**AVAILABLE DATA**
- Opening Delimiter -

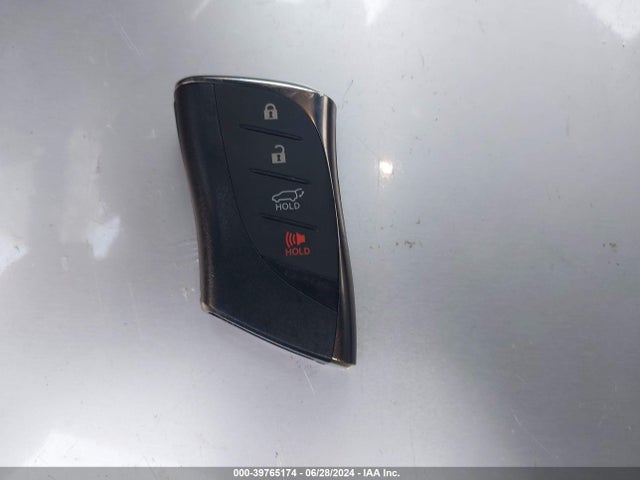 Lexus Tx 350 Luxury 2024 5TDAAAA60RS000827 Image 11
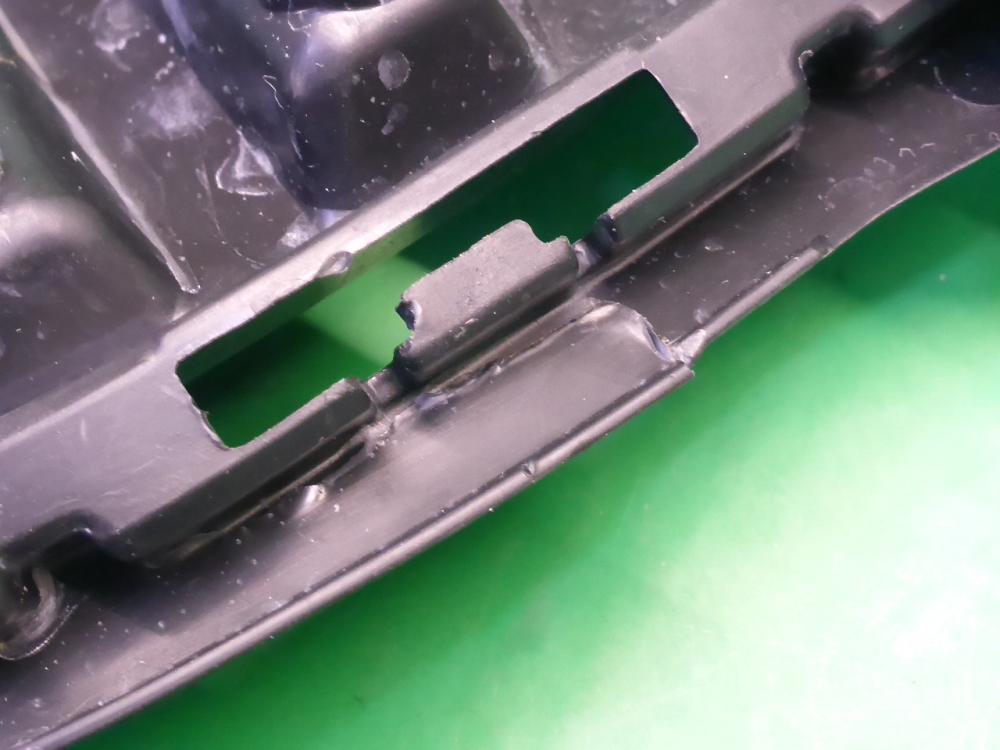 Рамка противотуманной фары правой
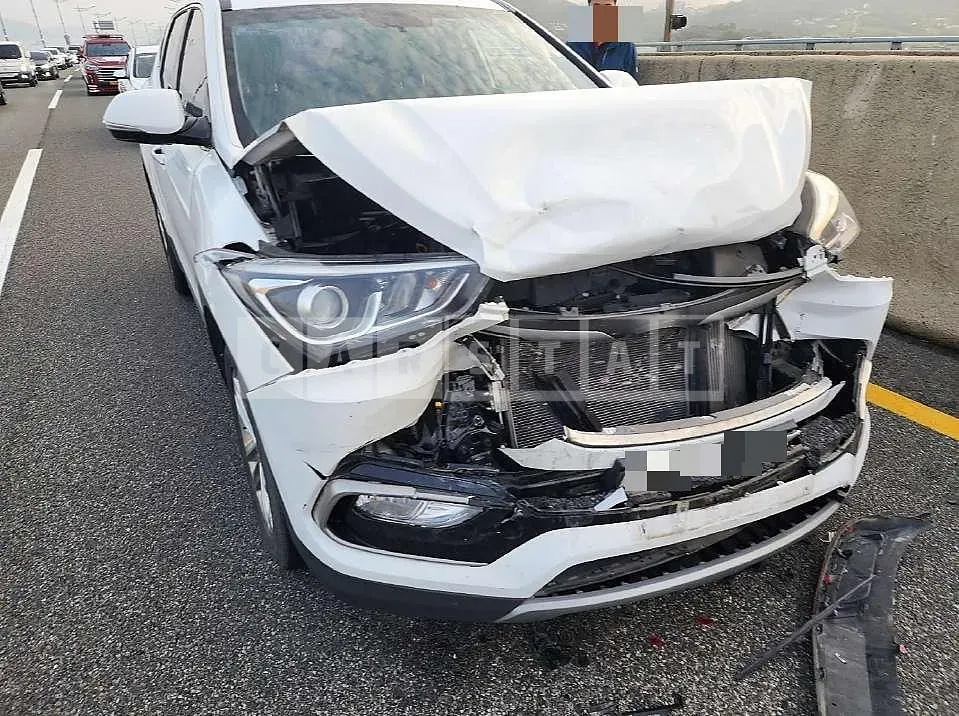 Photo 2 of 9: 2016 Hyundai Santa Fe DM — Korean insurance auction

- Closing Delimiter -

**PROBLEM DESCRIPTION**
Images in the data above are to be skipped. Retype all other material exactly.

**TASK SOLUTION**
 Lexus Tx 350 Luxury 2024 5TDAAAA60RS000827 Image 11
 Рамка противотуманной фары правой
 Photo 2 of 9: 2016 Hyundai Santa Fe DM — Korean insurance auction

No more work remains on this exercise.